The House of Wolfe: A Border Noir

  • By James Carlos Blake
  • The Mysterious Press
  • 288 pp.

This noir thriller kicks into high gear after a slow start.

If you like guns, gore, and grisly crime, then The House of Wolfe, a “Border Noir” thriller, has a perverse charm. The third in a series about a gunrunning family takes the reader into the seamy world along the Texas–Mexico border and to Mexico City, with its mix of fabulous wealth and abject poverty.

After a long setup, this action-adventure pays off with page-turning suspense. The Wolfes, like any good quasi-Mafia family, have their own rules and code of honor. They don’t engage in the drug trade with its indifference to human life; they only deliver guns to the cartels who engage in the drug trade. After all, if they didn’t do it, someone else would, right?

As one of the main narrators says at the outset: “Our principal calling has always been gunrunning. Highly illegal, but the way we see it, there are certain natural rights that transcend statute law, and the foremost of them is the right of self-defense. Without the right to defend yourself — and the right to possess the means to do it — all other supposed rights are so much hot air.”

Agree or disagree, this stance reflects the mentality not only of the residents of this patch of borderland but also of wide swaths of the country. However, having declared its colors, the Wolfe family does not get political about it, but goes about its business — in this case, rescuing a family member who was a member of a wedding party kidnapped in Mexico City.

The Wolfe family has a branch in the Mexican capital, and that is why Jessica Juliet Wolfe is attending the wedding that is targeted by a small-time gangster, El Galán, who wants to collect a multimillion-dollar ransom and buy his way into the operations of a big-time gang.

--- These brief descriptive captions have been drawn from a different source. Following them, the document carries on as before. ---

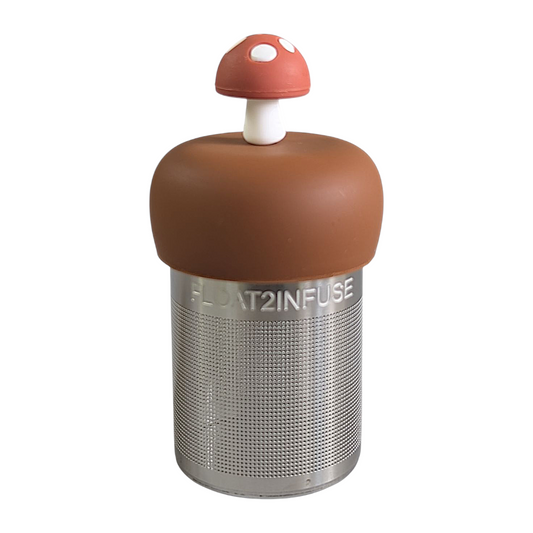 chestnut brown mushroom with white dots tea infuser for loose leaf tea with a fine mesh stainless steel tea strainer that reads FLOAT2INFUSE on a brown base with a white background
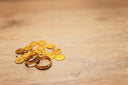 18k gold wedding rings with coin accents on wood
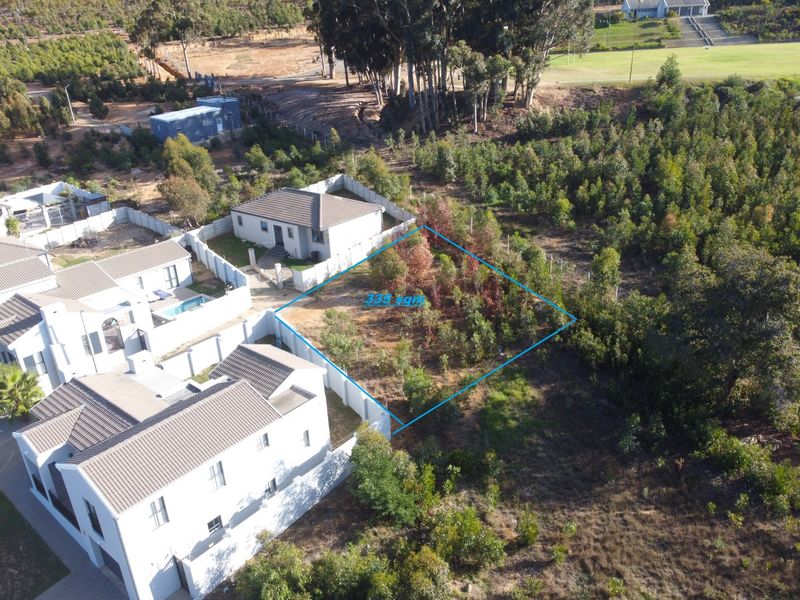 Aerial view of a vacant residential plot measuring 335 square meters, situated within a developed estate with established boundary fencing and surrounding vegetation.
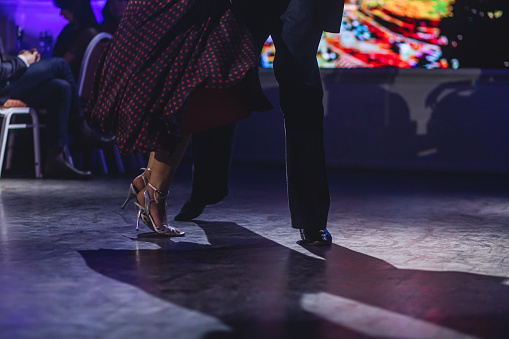 Portrait of young people dancing lindy hop in pairs in modern dance hall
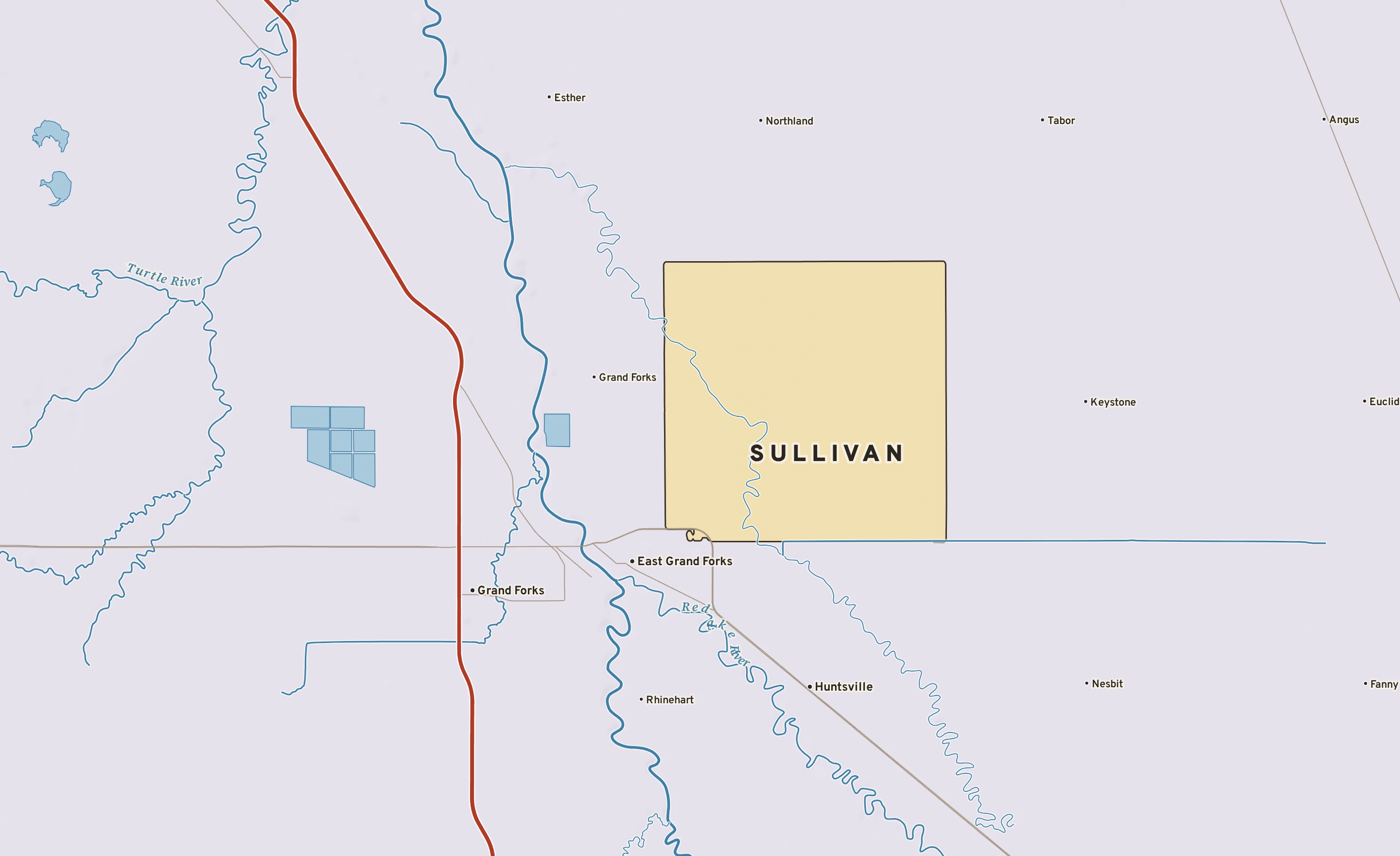 Shaded-relief atlas plate of Sullivan, Minnesota: rivers, roads, the city limits and where the water drains.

James Carlos Blake ably sketches the venues and cultures involved in this drama — from the glittery elite of Mexican society to the underclass of thugs and wannabes. He does it with an elaborate interweaving of not only points of view but also first and third person and present and past tense — to the point that Blake names the chapter headings after the featured character to alert the reader to which point of view he’s taking. Although this technique permits him to cover the full gamut of characters and action, it is distracting and somewhat confusing until you get used to it.

He lightens what is essentially a grim story of mayhem with surprising twists of humor, such as the “gang broker” who has become virtually impotent with age and disease but brings a dishy escort with him to a weekly breakfast meeting to pretend they have just spent an exciting night together.

The narrative technique also makes it difficult to identify a protagonist. The first-person narrator, Rudy, one of the family members who comes down from Texas to rescue Jessica, and Jessica herself, who of course turns out to be as resourceful as all the Wolfes, seem to be the dominant characters.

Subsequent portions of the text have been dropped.